A mere 25 miles off the shores of six countries, sits the frontier of an increasingly dangerous and unpredictable struggle. Its origin lies in China’s intensifying efforts to remake the maritime borders of this region, just as surely as Russia is remaking Europe’s political map in places like Crimea and Ukraine – only here the scale is vastly larger, the players more numerous, and the complexity greater.
Moving with ever greater boldness, Beijing has begun pressing claims to ownership of more than 80% of the South China Sea, water enclosed by what it calls its “nine-dash line,” a relic of the country’s early-20th- century nationalist era, when it was first sketched to indicate China’s view of its traditional prerogatives. The line has no international standing and had gone largely unremarked upon until China recently revived it. It now figures in all Chinese maps. Since 2012, it has been embossed in new passports issued to the country’s citizens.
Also known as the cow’s tongue, for the way it dangles from China’s southern coast, the line encloses a region through which roughly 40% of the world’s trade and a great majority of China’s imported oil passes, via the Strait of Malacca, a region of vast maritime importance.

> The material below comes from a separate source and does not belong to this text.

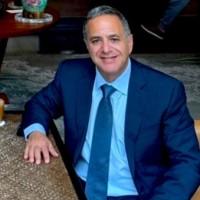 Jonathan Bass, photo 2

If China can impose its will in the South China Sea, at least five rival claimants – all much smaller, weaker Asian states – will be limited to a narrow band of the sea along their coastlines. China would gain greater security for its crucial supply lines of oil and other commodities; exclusive rights to rich fishing areas and potentially vast undersea oil deposits; a much larger buffer against what it regards as US naval intrusions; and, not least, the prestige and standing it has long sought, becoming in effect the Pacific’s hegemon, and positioning itself to press its decades-old demand that Taiwan come under its control. Arguable, it would achieve the greatest territorial expansion by any power since imperial Japan’s annexation of large swaths of Asia in the first half of the 20th century. China gradually seeks to push the US military out of the western Pacific. Any such conflict would of course be dangerous whenever it happened, because the US is likely to resist these efforts strenuously. But what’s surprising – and worrisome – is how the timeline for this conflict, or at least its beginning stage, has seemed to accelerate over roughly the past two years. Suddenly and aggressively, China has begun advancing its military interests throughout the region, catching its neighbors and the United States off guard.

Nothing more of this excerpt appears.